This is the question that John Stossel tried to answer in his documentary "Stupid in America: How We Cheat Our Kids". State after state did not let him in. Why keep out the cameras if schools have nothing to hide?
Stossel compared a "good" school district in New Jersey to an "average" school in Belgium, giving the students a general information test. The Belgian students answered 76% of the questions corectly; the New Jersey students, 40%. A report by the National Center for Education Statistics revealed that only 31% of American college graduates can read a complex book with good comprehension.
Why are America's schools so bad? It's the Monopoly!
Just before Stossel finished preparing his documentary, the Florida Supreme Court ruled that the state’s experimental school choice program — which had already produced positive results — was unconstitutional. Earlier, school choice proposals in South Carolina, backed strongly by the governor, were killed by the state legislature.
In Florida, a public school teacher sued to abolish school choice. "Competition is not for human beings," she said.

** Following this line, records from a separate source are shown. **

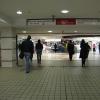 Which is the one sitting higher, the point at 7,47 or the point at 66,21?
the point at 66,21

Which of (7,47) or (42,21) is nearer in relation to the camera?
(42,21)

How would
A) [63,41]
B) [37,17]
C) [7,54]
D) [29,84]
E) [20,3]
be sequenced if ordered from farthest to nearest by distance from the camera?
[63,41], [7,54], [37,17], [29,84], [20,3]

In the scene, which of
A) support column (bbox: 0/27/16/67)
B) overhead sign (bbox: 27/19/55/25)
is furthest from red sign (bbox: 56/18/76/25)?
support column (bbox: 0/27/16/67)

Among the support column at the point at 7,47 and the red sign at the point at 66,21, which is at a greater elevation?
the red sign at the point at 66,21

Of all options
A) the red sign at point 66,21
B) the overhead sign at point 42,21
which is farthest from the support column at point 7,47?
the red sign at point 66,21

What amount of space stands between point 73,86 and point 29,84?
153cm

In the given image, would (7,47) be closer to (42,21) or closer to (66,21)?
(42,21)

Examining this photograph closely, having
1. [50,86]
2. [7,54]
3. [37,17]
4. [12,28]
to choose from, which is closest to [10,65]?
[7,54]

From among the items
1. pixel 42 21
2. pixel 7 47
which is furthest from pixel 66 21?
pixel 7 47

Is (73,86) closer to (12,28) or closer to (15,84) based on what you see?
(15,84)

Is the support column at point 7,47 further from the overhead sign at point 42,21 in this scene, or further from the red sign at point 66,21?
the red sign at point 66,21

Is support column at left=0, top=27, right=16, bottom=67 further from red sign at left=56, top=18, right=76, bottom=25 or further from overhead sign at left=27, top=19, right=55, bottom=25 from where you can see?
red sign at left=56, top=18, right=76, bottom=25

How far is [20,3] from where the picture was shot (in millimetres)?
7457

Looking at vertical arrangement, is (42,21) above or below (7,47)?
above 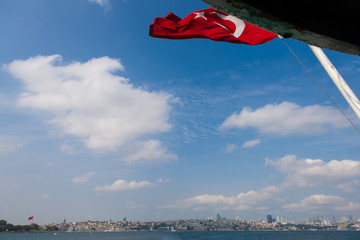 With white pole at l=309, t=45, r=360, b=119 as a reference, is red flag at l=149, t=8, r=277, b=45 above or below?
above

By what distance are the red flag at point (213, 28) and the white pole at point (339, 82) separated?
1269mm

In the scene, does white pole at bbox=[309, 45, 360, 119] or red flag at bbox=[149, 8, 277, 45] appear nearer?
white pole at bbox=[309, 45, 360, 119]

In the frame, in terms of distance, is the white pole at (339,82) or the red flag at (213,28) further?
the red flag at (213,28)

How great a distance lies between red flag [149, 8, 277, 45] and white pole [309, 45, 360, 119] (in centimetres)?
127

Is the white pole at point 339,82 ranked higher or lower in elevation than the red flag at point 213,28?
lower

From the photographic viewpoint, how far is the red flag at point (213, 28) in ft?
18.0

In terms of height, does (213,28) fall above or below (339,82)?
above

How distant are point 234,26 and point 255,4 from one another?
482 centimetres

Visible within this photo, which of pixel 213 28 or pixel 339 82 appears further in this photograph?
pixel 213 28

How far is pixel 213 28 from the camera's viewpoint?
19.2 ft

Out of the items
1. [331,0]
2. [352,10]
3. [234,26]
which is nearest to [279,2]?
[331,0]

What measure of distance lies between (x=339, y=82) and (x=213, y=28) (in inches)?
117

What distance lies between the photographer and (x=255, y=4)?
1.54m

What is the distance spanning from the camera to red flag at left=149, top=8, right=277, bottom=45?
5.47 metres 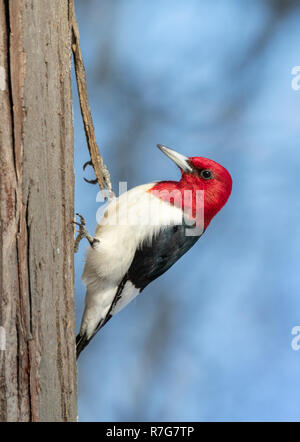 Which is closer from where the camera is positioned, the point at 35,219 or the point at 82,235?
the point at 35,219

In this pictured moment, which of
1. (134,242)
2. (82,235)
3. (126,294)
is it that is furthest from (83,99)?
(126,294)

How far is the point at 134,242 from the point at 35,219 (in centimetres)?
116

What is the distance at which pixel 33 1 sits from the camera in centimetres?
241

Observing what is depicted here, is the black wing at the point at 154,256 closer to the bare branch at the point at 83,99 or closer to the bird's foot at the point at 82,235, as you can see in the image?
the bird's foot at the point at 82,235

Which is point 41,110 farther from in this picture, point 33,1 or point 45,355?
point 45,355

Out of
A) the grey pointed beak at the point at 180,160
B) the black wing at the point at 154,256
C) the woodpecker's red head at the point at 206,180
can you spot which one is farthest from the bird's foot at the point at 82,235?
the grey pointed beak at the point at 180,160

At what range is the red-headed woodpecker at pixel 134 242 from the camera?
3.40 m

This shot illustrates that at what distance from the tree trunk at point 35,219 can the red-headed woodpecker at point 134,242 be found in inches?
32.7

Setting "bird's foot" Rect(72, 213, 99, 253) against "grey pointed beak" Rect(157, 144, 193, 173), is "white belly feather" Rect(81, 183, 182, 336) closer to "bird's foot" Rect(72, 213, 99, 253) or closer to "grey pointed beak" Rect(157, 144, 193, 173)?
"bird's foot" Rect(72, 213, 99, 253)

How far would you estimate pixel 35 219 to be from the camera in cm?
232

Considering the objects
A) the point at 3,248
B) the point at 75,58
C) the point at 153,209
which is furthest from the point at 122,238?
the point at 3,248

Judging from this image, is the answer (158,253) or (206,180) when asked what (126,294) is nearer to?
(158,253)

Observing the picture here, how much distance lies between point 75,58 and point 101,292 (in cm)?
123

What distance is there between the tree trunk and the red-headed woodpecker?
0.83m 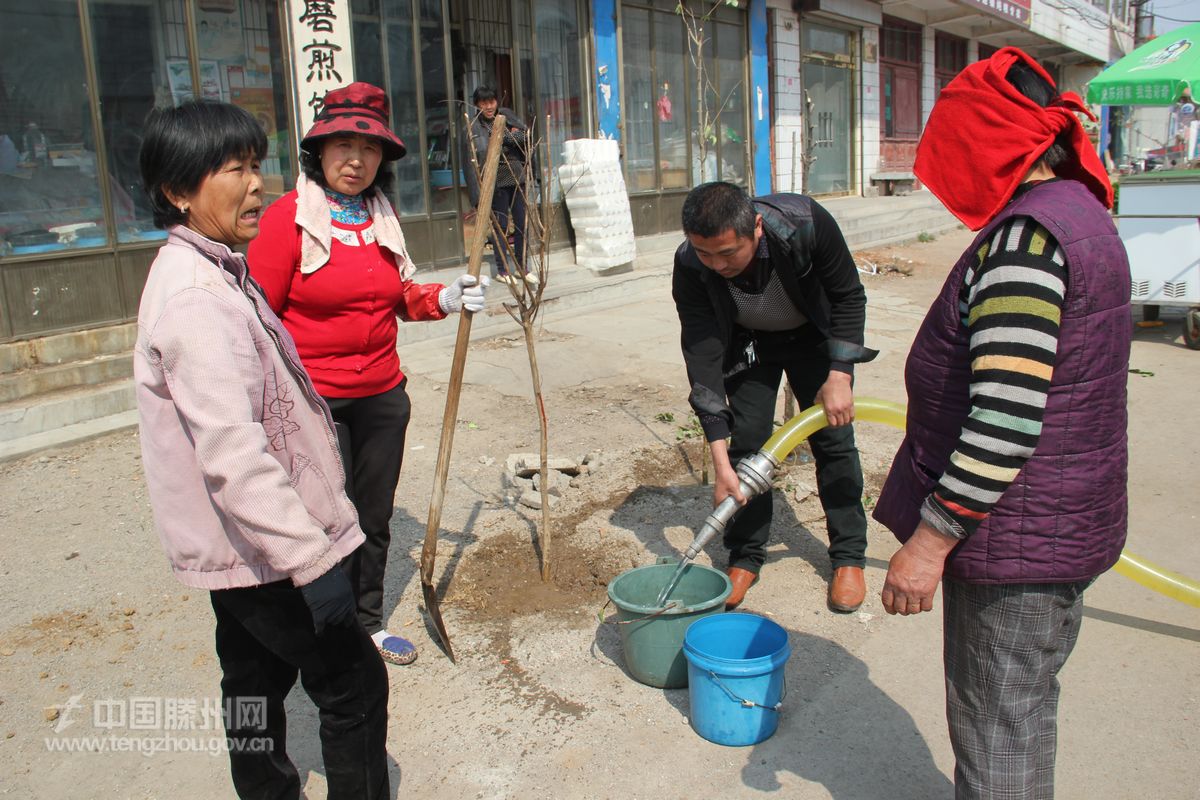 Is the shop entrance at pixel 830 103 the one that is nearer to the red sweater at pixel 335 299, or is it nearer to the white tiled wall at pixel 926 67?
the white tiled wall at pixel 926 67

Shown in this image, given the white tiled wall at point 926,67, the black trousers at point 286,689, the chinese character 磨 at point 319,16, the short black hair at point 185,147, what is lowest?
the black trousers at point 286,689

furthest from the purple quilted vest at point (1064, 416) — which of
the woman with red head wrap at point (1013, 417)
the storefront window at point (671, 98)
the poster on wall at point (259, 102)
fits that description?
the storefront window at point (671, 98)

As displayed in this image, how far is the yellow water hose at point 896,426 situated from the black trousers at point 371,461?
1241mm

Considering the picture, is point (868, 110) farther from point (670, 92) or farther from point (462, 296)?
point (462, 296)

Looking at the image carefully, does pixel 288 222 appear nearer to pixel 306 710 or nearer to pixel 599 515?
pixel 306 710

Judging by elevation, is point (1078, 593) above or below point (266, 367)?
below

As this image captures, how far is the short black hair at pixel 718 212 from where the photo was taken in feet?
9.80

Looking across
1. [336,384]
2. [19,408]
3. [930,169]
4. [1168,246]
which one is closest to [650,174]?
[1168,246]

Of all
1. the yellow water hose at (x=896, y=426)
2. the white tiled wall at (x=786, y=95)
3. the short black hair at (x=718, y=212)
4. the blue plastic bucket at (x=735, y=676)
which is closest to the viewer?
the blue plastic bucket at (x=735, y=676)

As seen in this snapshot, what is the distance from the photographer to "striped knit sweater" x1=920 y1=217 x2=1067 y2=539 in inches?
65.8

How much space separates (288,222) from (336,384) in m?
0.52

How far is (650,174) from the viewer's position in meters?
12.5

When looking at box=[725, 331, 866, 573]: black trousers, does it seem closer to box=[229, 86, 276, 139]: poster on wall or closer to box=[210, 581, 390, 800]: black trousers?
box=[210, 581, 390, 800]: black trousers

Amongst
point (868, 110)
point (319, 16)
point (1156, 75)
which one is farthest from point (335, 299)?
point (868, 110)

In South Carolina, the state teachers’ union spent millions of dollars on lobbying and television ads to keep school choice from seeing the light of day.
Reform efforts fail, Stossel said, because public school administrators and teachers’ unions do everything in their power to defeat it.
These are not the persons to whom Christian parents should entrust their children. The unions may not be doing a good job of teaching reading, writing, and arithmetic; but they are teaching promiscuity, abortion, and sodomy.
An evil tree can bear only evil fruit, and public education is an evil tree. R.J. Rushdoony spent decades proving this: see his 1963 book, The Messianic Character of American Education. American public schools rest on a non-Christian, aggressively secularist philosophy that rejects God’s laws and puts man and the state in His place. This is not fruit you want your children to be eating.